**Work order**
Can you quote, word for word, every line from the first line of the records below through the line containing "Equipo de ingenieros", and nothing else?

########

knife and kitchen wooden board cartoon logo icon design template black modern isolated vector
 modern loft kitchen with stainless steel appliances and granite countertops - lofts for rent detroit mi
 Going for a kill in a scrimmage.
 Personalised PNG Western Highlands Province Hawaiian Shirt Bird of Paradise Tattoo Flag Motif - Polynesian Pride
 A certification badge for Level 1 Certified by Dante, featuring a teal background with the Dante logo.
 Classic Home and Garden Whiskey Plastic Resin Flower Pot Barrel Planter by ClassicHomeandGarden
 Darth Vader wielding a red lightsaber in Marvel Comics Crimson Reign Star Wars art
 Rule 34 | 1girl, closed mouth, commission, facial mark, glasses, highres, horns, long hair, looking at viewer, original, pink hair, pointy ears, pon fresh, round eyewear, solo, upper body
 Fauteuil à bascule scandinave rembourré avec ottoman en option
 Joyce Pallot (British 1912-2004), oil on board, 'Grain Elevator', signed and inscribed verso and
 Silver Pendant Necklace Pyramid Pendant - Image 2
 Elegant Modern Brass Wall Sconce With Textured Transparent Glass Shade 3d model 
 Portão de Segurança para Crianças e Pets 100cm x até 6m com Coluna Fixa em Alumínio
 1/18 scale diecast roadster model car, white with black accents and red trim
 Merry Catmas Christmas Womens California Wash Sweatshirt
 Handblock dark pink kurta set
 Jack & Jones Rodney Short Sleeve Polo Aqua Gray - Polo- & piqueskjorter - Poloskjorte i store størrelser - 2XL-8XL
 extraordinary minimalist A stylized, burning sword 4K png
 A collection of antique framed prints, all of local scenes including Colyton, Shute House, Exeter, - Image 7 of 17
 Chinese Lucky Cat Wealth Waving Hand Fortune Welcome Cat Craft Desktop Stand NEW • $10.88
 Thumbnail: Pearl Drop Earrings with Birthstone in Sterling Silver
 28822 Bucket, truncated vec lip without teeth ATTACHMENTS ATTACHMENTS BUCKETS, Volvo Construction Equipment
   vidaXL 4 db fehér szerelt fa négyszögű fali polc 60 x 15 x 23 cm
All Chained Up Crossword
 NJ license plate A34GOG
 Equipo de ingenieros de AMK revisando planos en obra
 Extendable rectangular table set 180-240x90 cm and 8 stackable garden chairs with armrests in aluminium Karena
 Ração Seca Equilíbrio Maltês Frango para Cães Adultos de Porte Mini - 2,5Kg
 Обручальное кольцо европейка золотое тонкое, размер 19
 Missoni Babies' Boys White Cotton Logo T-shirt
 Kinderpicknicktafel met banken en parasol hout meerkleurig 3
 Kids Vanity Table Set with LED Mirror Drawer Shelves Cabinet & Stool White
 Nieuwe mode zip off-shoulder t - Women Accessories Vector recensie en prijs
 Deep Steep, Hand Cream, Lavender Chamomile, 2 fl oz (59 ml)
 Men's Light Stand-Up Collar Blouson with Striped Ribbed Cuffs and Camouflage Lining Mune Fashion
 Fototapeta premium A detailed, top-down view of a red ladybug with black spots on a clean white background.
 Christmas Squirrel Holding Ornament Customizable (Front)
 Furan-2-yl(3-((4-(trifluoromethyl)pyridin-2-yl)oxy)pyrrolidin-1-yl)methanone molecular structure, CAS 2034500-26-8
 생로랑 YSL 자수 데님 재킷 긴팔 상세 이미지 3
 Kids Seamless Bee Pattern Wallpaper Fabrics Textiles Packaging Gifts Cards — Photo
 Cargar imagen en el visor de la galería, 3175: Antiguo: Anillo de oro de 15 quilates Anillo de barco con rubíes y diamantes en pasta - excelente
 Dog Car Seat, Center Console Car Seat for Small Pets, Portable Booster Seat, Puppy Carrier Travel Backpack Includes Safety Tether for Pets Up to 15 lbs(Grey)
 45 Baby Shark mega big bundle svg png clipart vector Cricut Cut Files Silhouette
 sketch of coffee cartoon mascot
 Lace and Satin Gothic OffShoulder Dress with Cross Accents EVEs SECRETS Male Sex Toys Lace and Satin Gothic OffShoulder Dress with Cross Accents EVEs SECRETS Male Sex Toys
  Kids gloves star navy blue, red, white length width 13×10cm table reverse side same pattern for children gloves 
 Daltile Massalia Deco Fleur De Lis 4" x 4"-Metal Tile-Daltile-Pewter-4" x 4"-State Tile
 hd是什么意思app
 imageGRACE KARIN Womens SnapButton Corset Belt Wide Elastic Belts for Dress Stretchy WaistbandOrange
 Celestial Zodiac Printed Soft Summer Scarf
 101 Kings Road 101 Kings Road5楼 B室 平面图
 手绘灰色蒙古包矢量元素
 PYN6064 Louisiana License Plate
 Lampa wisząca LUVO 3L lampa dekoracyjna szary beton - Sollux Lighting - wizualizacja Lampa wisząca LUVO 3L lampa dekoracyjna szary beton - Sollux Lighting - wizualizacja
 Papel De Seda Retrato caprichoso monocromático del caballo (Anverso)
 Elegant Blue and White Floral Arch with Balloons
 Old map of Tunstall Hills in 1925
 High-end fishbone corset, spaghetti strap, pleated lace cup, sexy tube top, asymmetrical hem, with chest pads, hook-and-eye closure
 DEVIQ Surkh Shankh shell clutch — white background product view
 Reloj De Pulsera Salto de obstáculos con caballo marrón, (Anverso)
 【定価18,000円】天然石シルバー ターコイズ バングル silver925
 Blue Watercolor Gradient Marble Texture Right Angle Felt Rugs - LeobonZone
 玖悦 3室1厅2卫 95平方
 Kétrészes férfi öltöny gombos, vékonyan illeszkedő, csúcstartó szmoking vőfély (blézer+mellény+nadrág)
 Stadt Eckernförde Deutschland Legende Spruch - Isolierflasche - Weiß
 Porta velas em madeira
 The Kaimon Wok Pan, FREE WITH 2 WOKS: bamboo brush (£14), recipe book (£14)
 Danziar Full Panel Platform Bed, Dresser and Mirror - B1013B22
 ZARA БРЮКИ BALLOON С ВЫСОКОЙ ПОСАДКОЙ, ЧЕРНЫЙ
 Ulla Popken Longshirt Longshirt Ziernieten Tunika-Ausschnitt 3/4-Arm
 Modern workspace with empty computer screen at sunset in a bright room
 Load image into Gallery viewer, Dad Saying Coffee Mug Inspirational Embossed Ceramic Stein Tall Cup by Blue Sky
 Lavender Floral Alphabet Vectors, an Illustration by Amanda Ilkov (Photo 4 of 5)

########

**Your response**
knife and kitchen wooden board cartoon logo icon design template black modern isolated vector
 modern loft kitchen with stainless steel appliances and granite countertops - lofts for rent detroit mi
 Going for a kill in a scrimmage.
 Personalised PNG Western Highlands Province Hawaiian Shirt Bird of Paradise Tattoo Flag Motif - Polynesian Pride
 A certification badge for Level 1 Certified by Dante, featuring a teal background with the Dante logo.
 Classic Home and Garden Whiskey Plastic Resin Flower Pot Barrel Planter by ClassicHomeandGarden
 Darth Vader wielding a red lightsaber in Marvel Comics Crimson Reign Star Wars art
 Rule 34 | 1girl, closed mouth, commission, facial mark, glasses, highres, horns, long hair, looking at viewer, original, pink hair, pointy ears, pon fresh, round eyewear, solo, upper body
 Fauteuil à bascule scandinave rembourré avec ottoman en option
 Joyce Pallot (British 1912-2004), oil on board, 'Grain Elevator', signed and inscribed verso and
 Silver Pendant Necklace Pyramid Pendant - Image 2
 Elegant Modern Brass Wall Sconce With Textured Transparent Glass Shade 3d model 
 Portão de Segurança para Crianças e Pets 100cm x até 6m com Coluna Fixa em Alumínio
 1/18 scale diecast roadster model car, white with black accents and red trim
 Merry Catmas Christmas Womens California Wash Sweatshirt
 Handblock dark pink kurta set
 Jack & Jones Rodney Short Sleeve Polo Aqua Gray - Polo- & piqueskjorter - Poloskjorte i store størrelser - 2XL-8XL
 extraordinary minimalist A stylized, burning sword 4K png
 A collection of antique framed prints, all of local scenes including Colyton, Shute House, Exeter, - Image 7 of 17
 Chinese Lucky Cat Wealth Waving Hand Fortune Welcome Cat Craft Desktop Stand NEW • $10.88
 Thumbnail: Pearl Drop Earrings with Birthstone in Sterling Silver
 28822 Bucket, truncated vec lip without teeth ATTACHMENTS ATTACHMENTS BUCKETS, Volvo Construction Equipment
   vidaXL 4 db fehér szerelt fa négyszögű fali polc 60 x 15 x 23 cm
All Chained Up Crossword
 NJ license plate A34GOG
 Equipo de ingenieros de AMK revisando planos en obra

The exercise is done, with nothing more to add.